Sulit untuk menepis kekhawatiran jika diri ini akan terjerumus bersama mereka. Tetapi sama besarnya atas kekhawatiran jika urusan umat ini diserahkan kepada mereka yang tak berakhlak, tak memiliki  komitmen terhadap dakwah ini. Jika orang baik-baik tak sudi menempuh kotornya jalan ini, hanyalah mereka yang bermental makelar dan para preman yang mau menempuhnya, leluasa menentukan kebijakan publik. Berharap sedikit saja mewarnainya dengan sentuhan dakwah.

Teguh bertahan di jalan ini betapapun sulitnya, di antara hingar bingar godaan yang menghujam, meski dari keteguhan ini, banyak hal dari kami yang luluh lantak. Tetapi untuk membiarkan umat ini dalam kepayahan, meninggalkan mereka tertatih-tatih, rasanya terlalu berat meski juga dibayangi kekhawatiran jika diri ini akan terjerumus bersama mereka. Cinta kami kepada umat ini, berbuah keinginan untuk mengayomi dan menuntun mereka, meski kami sendiri juga tertatih. Keinginan menolong mereka, memaksa kami rela menjalaninya.

Dan harus menjalaninya. Agama ini hidup dari dakwah dan perjuangan. Jangan harap untuk bersenang-senang dan menikmatinya sendiri, tantangan itu tak kan membiarkan begitu saja. Regenerasi agar ia tetap kokoh terjaga, dan terus bisa dinikmati. Mungkin kita sanggup menjalani agama ini meski harus memakan akar-akar pohon, tetapi terpikir juga mereka yang masih butuh untuk dituntun dan dipapah.

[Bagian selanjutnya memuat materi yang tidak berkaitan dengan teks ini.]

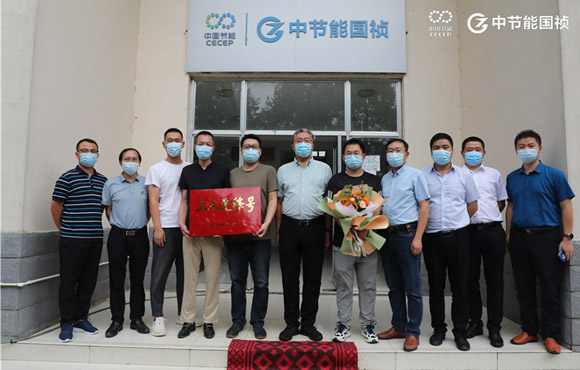 喜报！杨策荣获“天下手艺能手”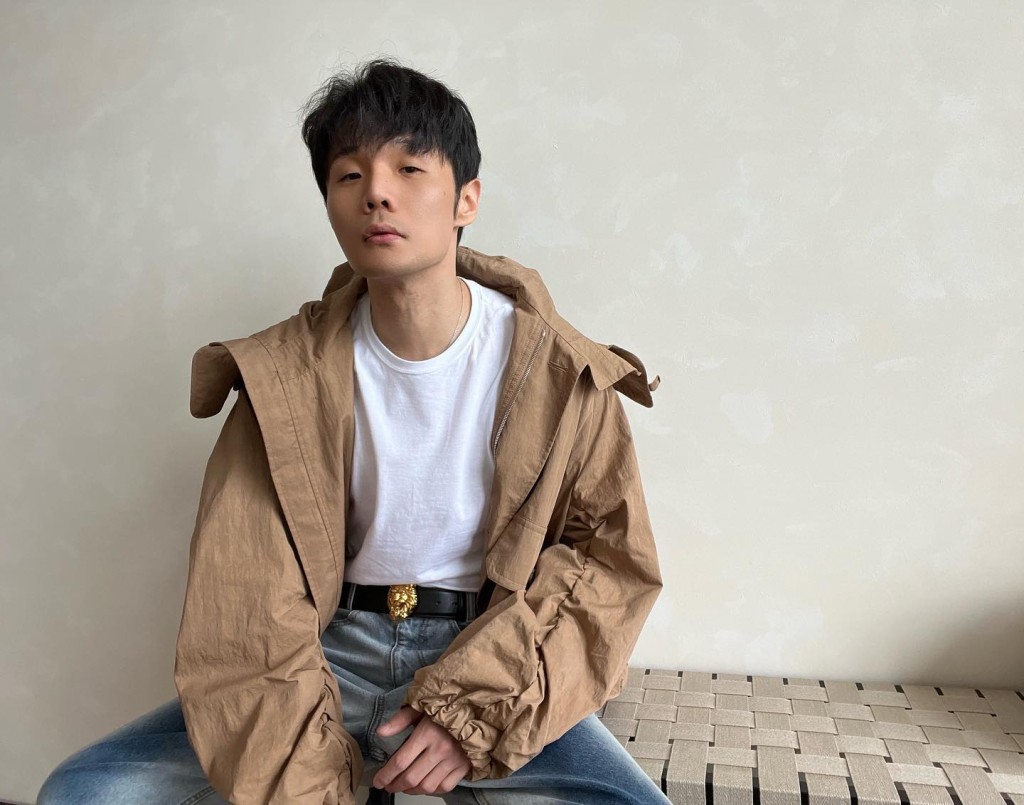 李榮浩將於今年上半年出新專輯。
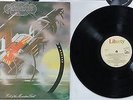 Hawkwind - Hall of the Mountain Grill (LBG 29672) UK LP vg++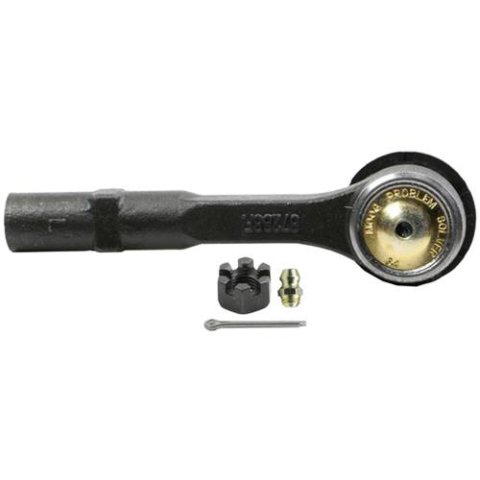 MOOG 15-18 Jeep Renegade Front Left Outer / Left Outer Tie Rod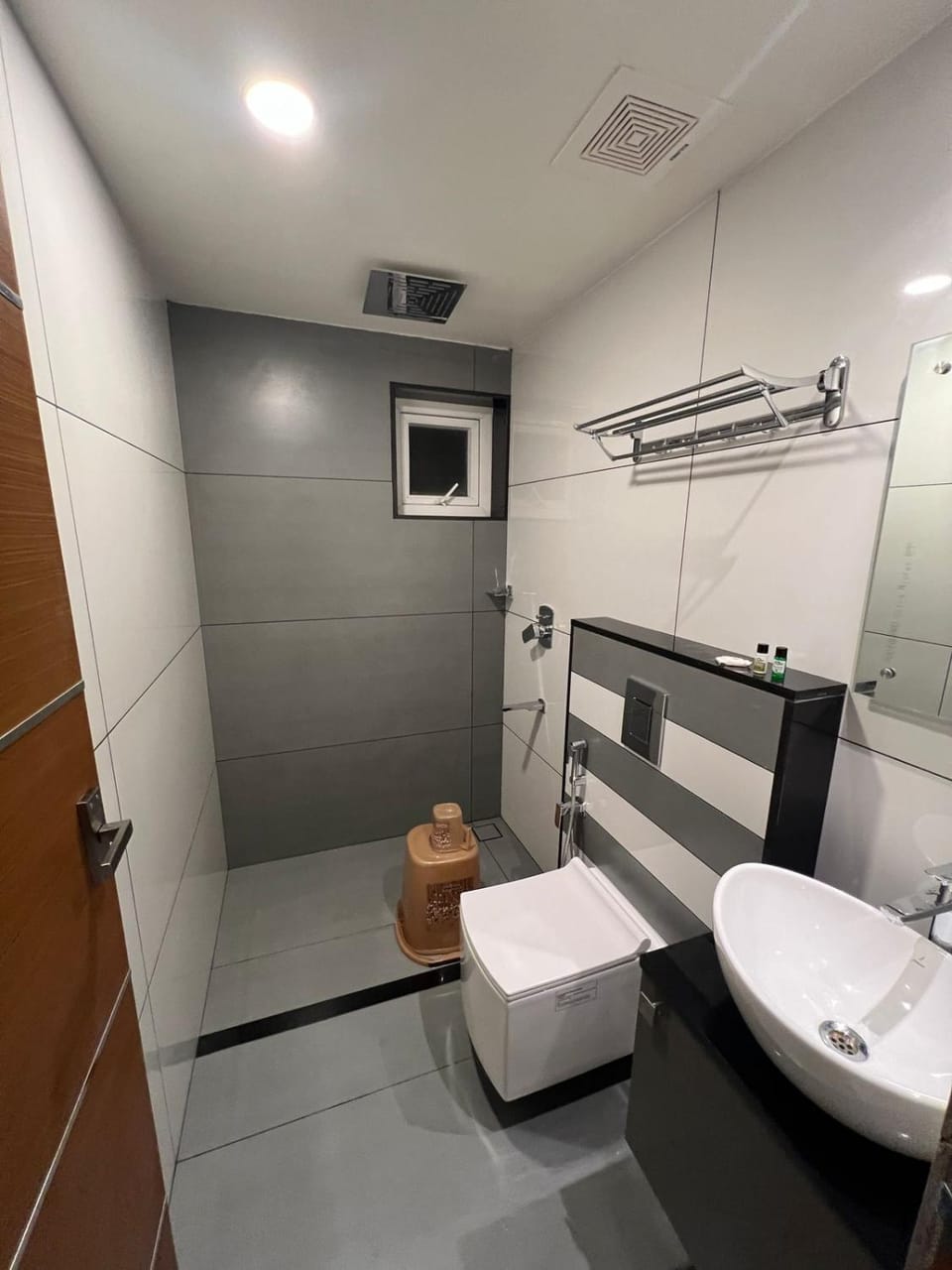 Moonlite Villa in Kerala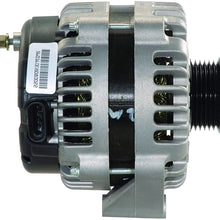 ACDelco 335-1236 Professional Alternator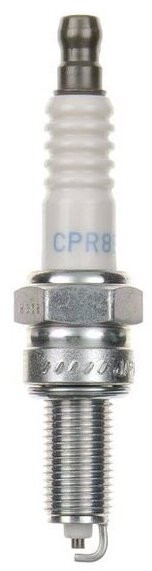 Свеча зажигания NGK 7411 CPR8E | NGK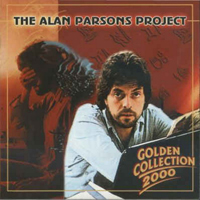 Alan Parsons Project - Golden Collection
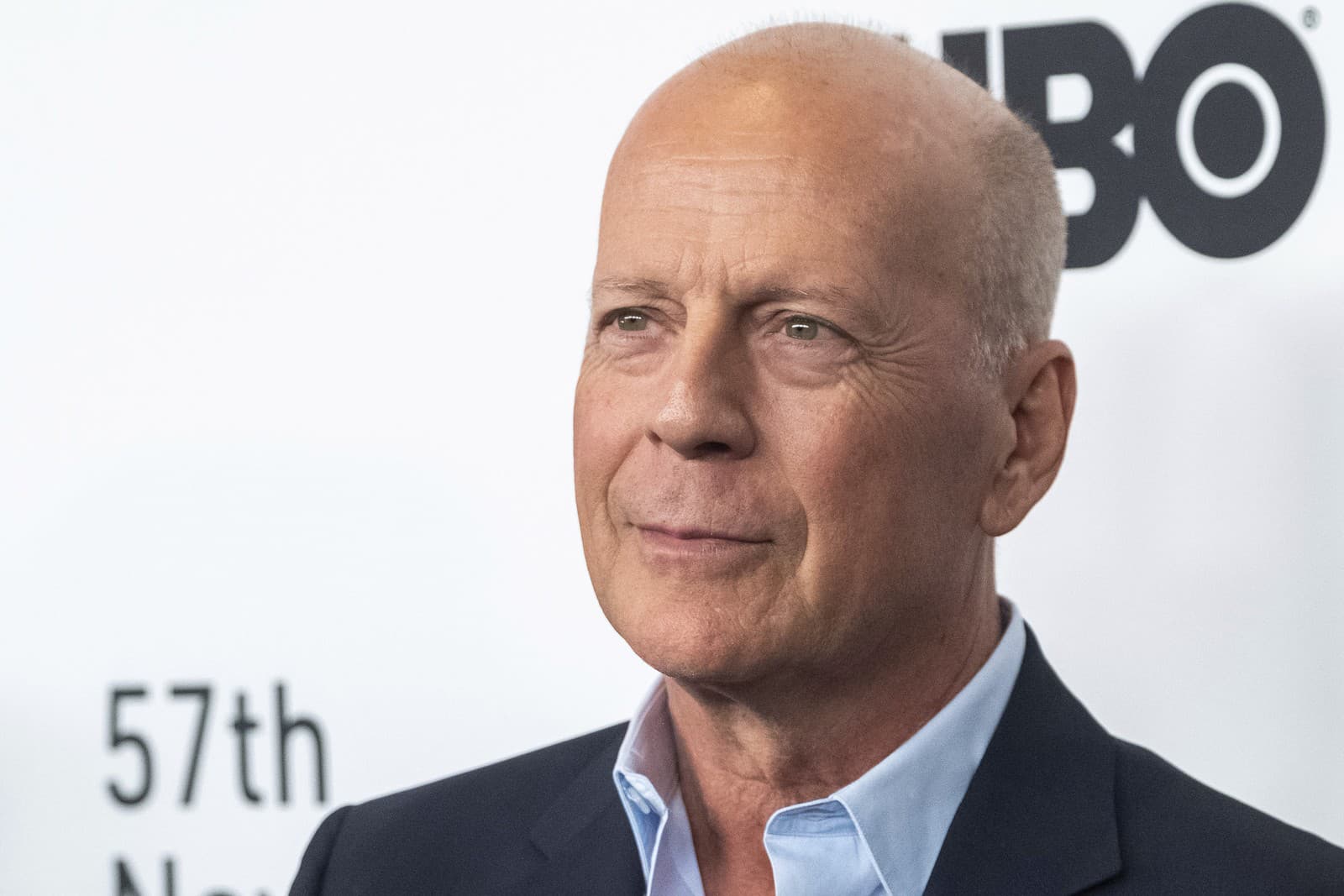 Bruce Willis končí s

Rasulullah dan para sahabat pernah bangun kesiangan dan kehabisan waktu shalatnya ketika ditimpa kepayahan dalam perang. Tetapi hiruk pikuk politik ini sungguh berbeda, jika ia terus menjadi justifikasi atas kemalasan demi kemalasan ini, mungkin akan menghanyutkan keteguhan ini dari sisi yang lain, tanpa terasa. Bentuk lain dari futur, bukan karena pergi dari jalan ini, tetapi karena bertahan teguh di atasnya. Harus melewati satu tantangan menuju tantangan berikutnya, tergerus di jalan perjuangan.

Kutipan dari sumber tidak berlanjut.